Krzątanina cały dzień. Fakt, że późno zaczęty, gdyż wstałem dopiero o 10. (bo się położyłem dopiero o 2. w nocy).
Zakupy w markecie (drobne żelastwo i dwie deski na półkę do szafy). Po powrocie zrobienie półki - teraz już polakierowana i skręcona czeka sobie na gotowe już miejsce w szafie (podpórki też zamocowane). Jak zwykle korci mnie, żeby już ją włożyć i poukładać co na niej ma być, ale na szczęście rozsądek podpowiada żeby dać choć dobę na odparowanie lotności z lakieru. Niby on akrylowy, ale jednak chemia i czuć.
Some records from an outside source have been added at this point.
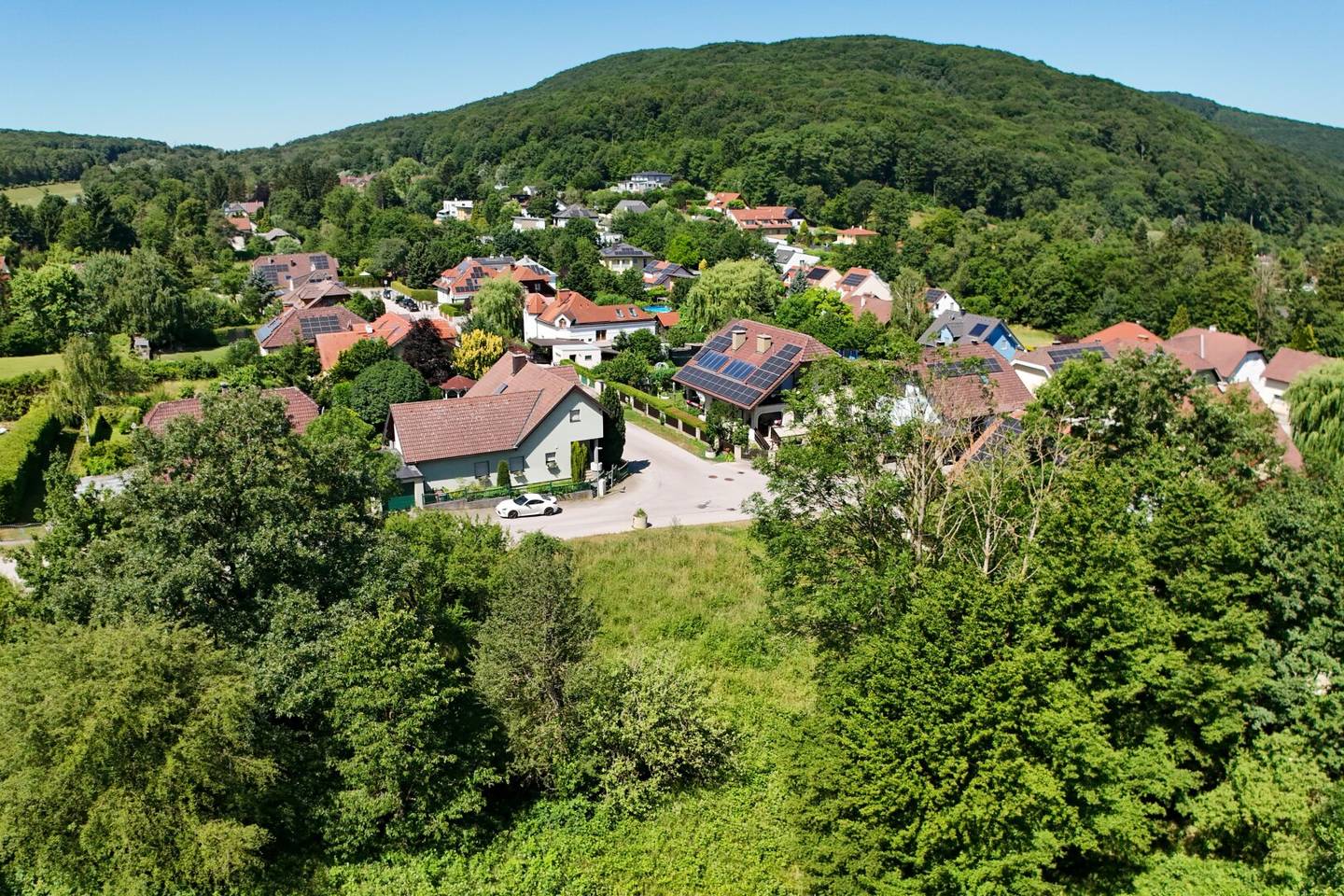 Sonniger Baugrund am Waldrand in Purkersdorf Baunzen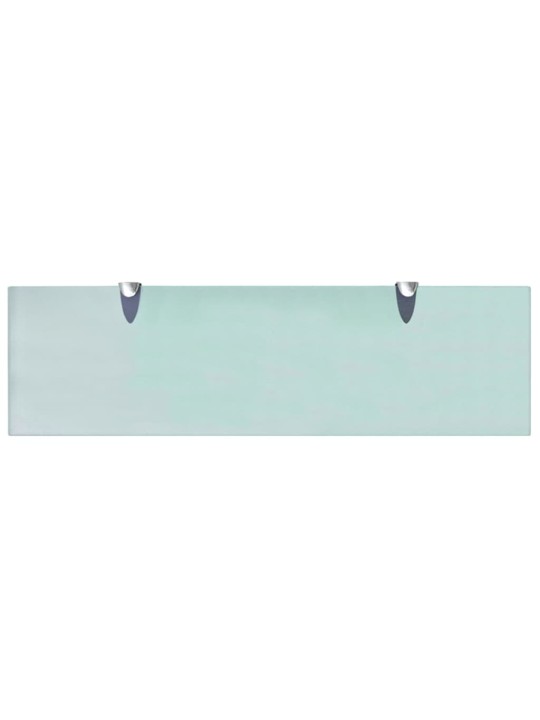 Plovoucí police 2 ks sklo 70 x 20 cm 8 mm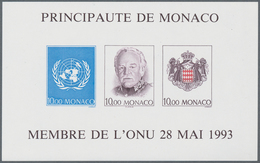 Monaco: 1938/1994, Accumulation With 453 MINIATURE SHEETS Incl. A Nice Part IMPERFORATE And SPECIAL - Gebraucht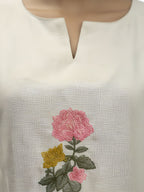 Elegant Embroidered Cotton Kurta Pant Set for Women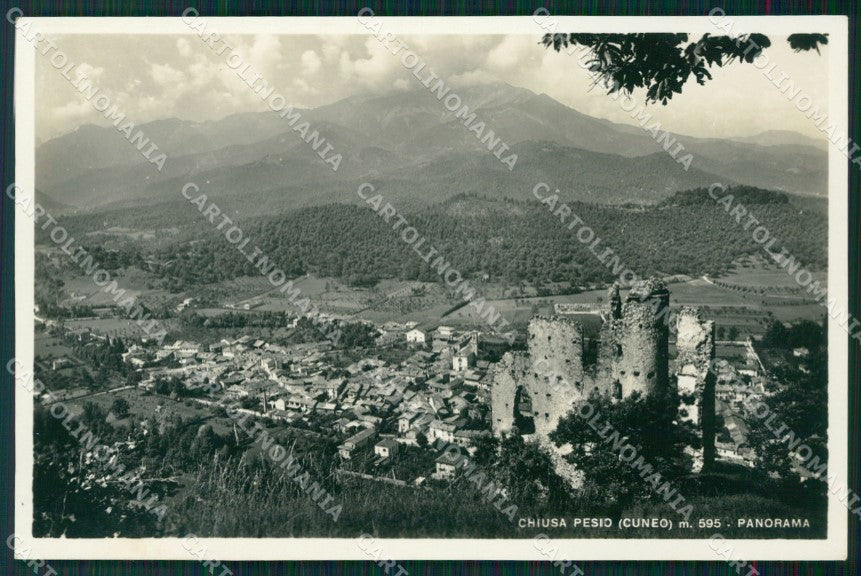 Cuneo Chiusa Pesio Panorama Foto cartolina MT6373 – fronte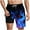 ☪171-Blue, variant on Nuoqisi Men's Swim Trunks with Compression Liner Loose Fitted Drawstring Stretch Elastic Waist Stripe Bathing Suit Beach Swimsuits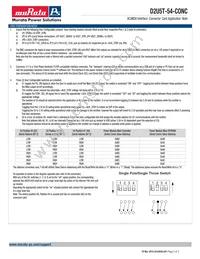 D2U5T-54-CONC Datasheet Page 3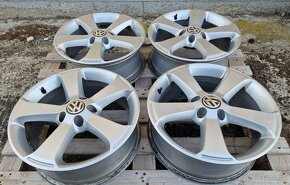 ORIGINÁL VW HLINÍKOVÉ DISKY 5x112 R17 - 2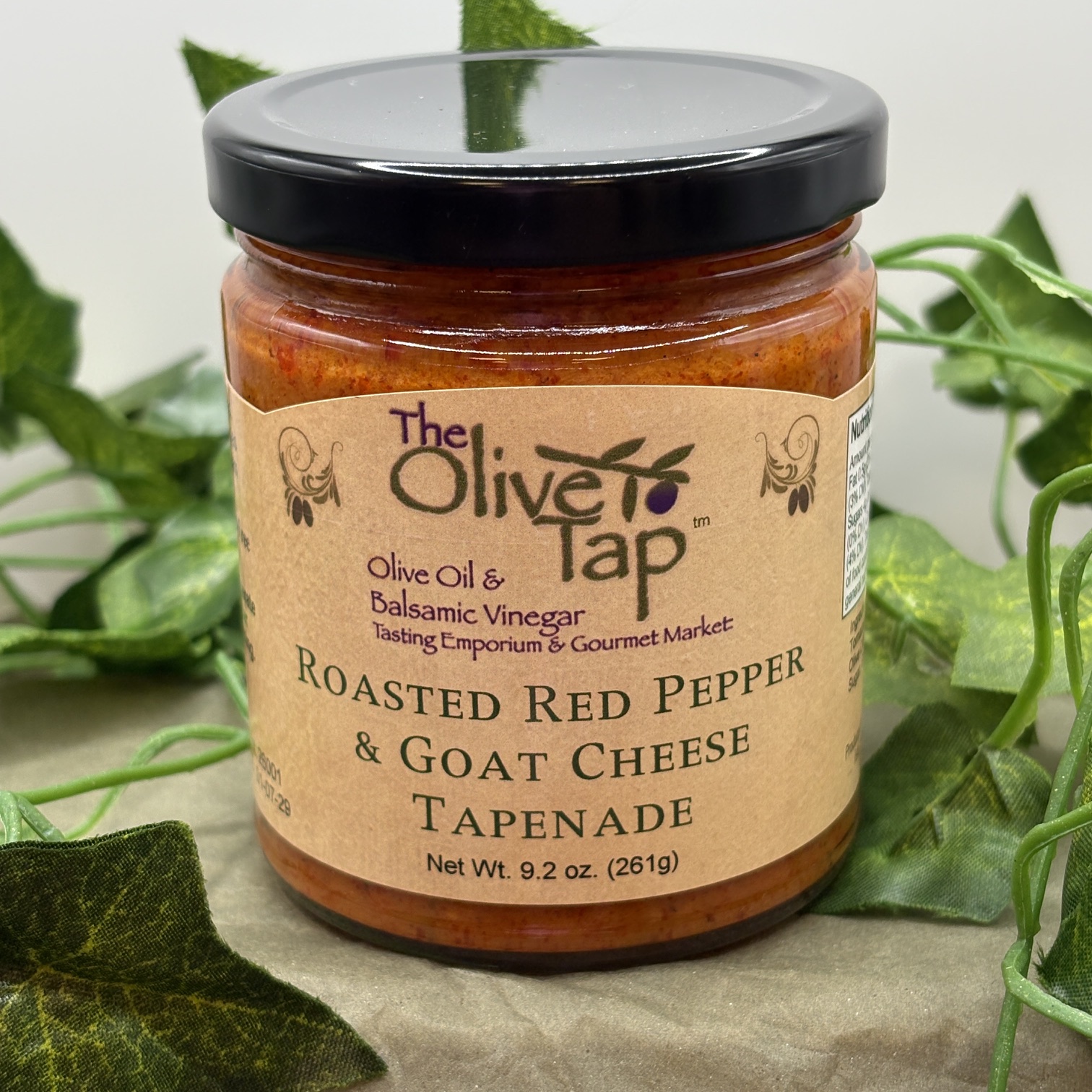Roasted Red Pepper & Goat Cheese Tapenade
Potem aż do zmroku wynoszenie części gratów z pokoju i upychanie ich po kątach mieszkania - jutro przyjeżdża ekipa od okien. Mieli być dzisiaj, ale przecież to kraj nasz kochany - jakby to wyglądało: terminu umówionego dotrzymać? Musiałem utorować im wśród nagromadzonego latami dobytku drogę do okien, żeby mogli je wymienić. Trochę roboty z tym odgruzowaniem było.
No i właśnie ledwie co sobie siadłem.